Berdasarkan pengamatan dan perenungan saya, kedua insan itu bisa bertahan puluhan tahun karena besarnya sifat pemaaf di antara keduanya.

Seperti kejadian  pada bulan purnama di malam ke 730  kebersamaan mereka, laki-laki itu murka karena mendapati buah hatinya menangis tiada henti sebab si ibu, wanita kesayangannya pergi terlalu lama sehingga terkesan melupakan anaknya.

Esoknya, si wanita pergi dari rumah dengan membawa putranya dan tidak kembali hingga beberapa hari. Si laki-laki nelangsa.
Namun, akhirnya mereka berdamai karena sepotong kata “maaf”
Bukan sekali itu, kata maaf menjadi penyelamat dari kemarahan yang entah siapapun yang menjadi sumbernya.

Jika maaf telah terucap dan maaf diterima dengan ikhlas, maka tidak penting lagi mencari tahu, siapa yang menjadi pemicunya.
Maaf telah menyelesaikan persoalan demi persoalan dalam kebersamaan mereka.

Selain maaf, malam adalah waktu yang selalu menjadi titik akhirnya.

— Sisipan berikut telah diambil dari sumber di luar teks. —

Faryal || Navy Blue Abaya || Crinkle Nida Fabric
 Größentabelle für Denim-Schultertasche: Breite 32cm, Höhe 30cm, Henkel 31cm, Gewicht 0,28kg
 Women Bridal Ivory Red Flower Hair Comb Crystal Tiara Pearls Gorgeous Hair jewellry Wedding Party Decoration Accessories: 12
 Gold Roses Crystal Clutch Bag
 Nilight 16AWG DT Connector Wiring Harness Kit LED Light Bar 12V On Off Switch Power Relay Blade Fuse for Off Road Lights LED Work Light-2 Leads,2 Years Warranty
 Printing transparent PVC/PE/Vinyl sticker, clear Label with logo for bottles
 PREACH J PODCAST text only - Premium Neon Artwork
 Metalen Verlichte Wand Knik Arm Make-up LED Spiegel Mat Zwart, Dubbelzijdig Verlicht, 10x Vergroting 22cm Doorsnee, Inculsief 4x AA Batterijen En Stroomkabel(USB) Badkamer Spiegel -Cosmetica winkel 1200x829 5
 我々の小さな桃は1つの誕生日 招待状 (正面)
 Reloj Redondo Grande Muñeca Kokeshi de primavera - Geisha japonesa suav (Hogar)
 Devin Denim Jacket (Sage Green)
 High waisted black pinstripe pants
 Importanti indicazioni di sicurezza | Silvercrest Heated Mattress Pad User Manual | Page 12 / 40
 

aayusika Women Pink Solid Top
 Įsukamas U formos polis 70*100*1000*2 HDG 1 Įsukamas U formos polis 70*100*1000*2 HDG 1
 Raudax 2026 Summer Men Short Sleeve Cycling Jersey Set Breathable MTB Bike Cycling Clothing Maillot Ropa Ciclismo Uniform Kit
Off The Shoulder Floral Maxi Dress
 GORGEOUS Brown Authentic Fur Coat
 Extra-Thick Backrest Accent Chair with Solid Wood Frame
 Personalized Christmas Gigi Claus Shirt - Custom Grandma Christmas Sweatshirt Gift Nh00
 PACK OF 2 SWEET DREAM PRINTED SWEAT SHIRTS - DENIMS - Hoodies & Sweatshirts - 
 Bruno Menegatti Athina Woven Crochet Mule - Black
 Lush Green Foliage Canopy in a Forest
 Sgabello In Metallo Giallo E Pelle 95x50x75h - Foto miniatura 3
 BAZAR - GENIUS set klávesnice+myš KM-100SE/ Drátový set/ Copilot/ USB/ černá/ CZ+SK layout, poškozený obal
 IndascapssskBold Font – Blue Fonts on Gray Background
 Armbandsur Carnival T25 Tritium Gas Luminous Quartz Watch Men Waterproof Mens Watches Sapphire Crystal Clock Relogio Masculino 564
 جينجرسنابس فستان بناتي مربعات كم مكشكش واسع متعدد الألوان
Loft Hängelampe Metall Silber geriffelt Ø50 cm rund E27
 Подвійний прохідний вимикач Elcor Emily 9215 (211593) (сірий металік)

Jika belum menemukan titik penghujung masalahnya, maka mereka secara perlahan menarik garis lurus panjang menuju kepada-Nya dalam sujud.

Mengadukan semua kegundahan kepada Sang Pencipta, maka jiwa yang gelisah luruh runtuh dalam kasih sayang-Nya.

Siapalah mereka tanpa pemberian kasih dan sayang dari-Nya?
Siapalah mereka tanpa sifat-Nya Yang Maha Pemaaf?

Jika kamu menyatakan sesuatu kebajikan, menyembunyikannya, atau memaafkan sesuatu kesalahan (orang lain), maka sungguh, Allah Maha Pemaaf, Maha Kuasa.” (QS. An-Nisa’: 149).


Siapakah Mereka?



Mereka adalah kami, yang sekarang ini telah menjadi sepasang kakek dan nenek.  Yang berjuang bersama untuk  mempertahankan biduk rumah tangga selama 32 tahun lebih. 






Saya merasa, kunci keberhasilan kami dalam menjalani biduk rumah tangga hingga kini adalah tabungan maaf yang tak pernah habis. Sebesar apa pun kesalahan yang pernah kami lakukan, selalu ada maaf di sana.

Dan, yang tidak kalah pentingnya adalah, kepasrahan kami untuk selalu meminta kepada Sang Pemilik Kasih Sayang agar hati kami selalu dilimpahi kasih sayang.



Dan di antara tanda-tanda (kebesaran)-Nya ialah Dia menciptakan pasangan-pasangan untukmu dari jenismu sendiri, agar kamu cenderung dan merasa tenteram kepadanya, dan Dia menjadikan di antaramu rasa kasih dan sayang. Sungguh, pada yang demikian itu benar-benar terdapat tanda-tanda (kebesaran Allah) bagi kaum yang berpikir.” (QS. Ar-Rum: 21).


Seperti yang dinasihatkan oleh para ulama, setiap kami berhadapan dengan persoalan yang pelik maka yang pertama kami datangi adalah sajadah untuk bersujud, dalam kefakiran ilmu, kami hanya bisa berserah diri kepada-Nya.

“Dan pada sebagian dari malam, maka bersujudlah kepada-Nya dan bertasbihlah kepada-Nya pada bagian yang panjang di malam hari.” (QS. Al-Insan: 26).


Ini bukan tentang kejemawaan kami dalam berumah tangga, tetapi sekadar berbagi kisah, bahwa beginilah cara kami berjuang dari waktu ke waktu. 

Semoga bermanfaat. Jika ada kekeliruan dalam  tulisan ini, maka itu murni kekurangan saya. Mohon dimaafkan.